According to this page, I can achieve constant time insertion if I use
iterator std::set::insert ( iterator position, const value_type& x ); and the position iterator I provide directly "precedes" the proper (in-order) insertion point.
Now the case I'm concerned with is if I know that the value I'm inserting goes at the end (since it's the largest), e.g.:
set<int> foo = {1, 2, 3}; foo.insert(4); // this is an inefficient insert According to the above criterion I should pass the last element foo.end()-1 to insert not foo.end(). Is my understanding correct? What happens if I pass foo.end()? Will it be a O(log n) insertion or a O(1) one. So, the options are:
// Option A foo.insert(foo.end()-1, 4); // Option B foo.insert(foo.end(), 4); // Safer version of Option A if(foo.empty()) foo.insert(4); else foo.insert(foo.end()-1, 4); I ask because I'm writing a function that's templated on the container. I want to insert an element (that I know is the largest) to the end of whatever container is passed in. Using "Option A" above has a different behavior for a container like vector:
foo.insert(foo.end()-1, 4); // result is {1, 2, 3, 4} if foo is an std::set // result is {1, 2, 4, 3} if foo is an std::vector As @Bo_Persson suggests, the problem here is that C++03 says "logarithmic in general, but amortized constant if t is inserted right after p." while C++0x says "logarithmic in general, but amortized constant if t is inserted right before p."

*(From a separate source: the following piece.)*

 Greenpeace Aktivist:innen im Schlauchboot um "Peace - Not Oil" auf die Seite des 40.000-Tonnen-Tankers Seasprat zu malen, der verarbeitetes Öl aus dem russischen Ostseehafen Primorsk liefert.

PS: I'm using GCC 4.5 on Ubuntu 11.04 with C++0x support enabled.
Edit: I ran empirical tests with C++0x support enabled and disabled and posted the results in an answer. Basically, the conclusion is that it's just as good (and is obviously safer) to provide end() as the insertion hint. However, that's obviously just an empirical observation. The standard, as stated, is still confusing on this aspect.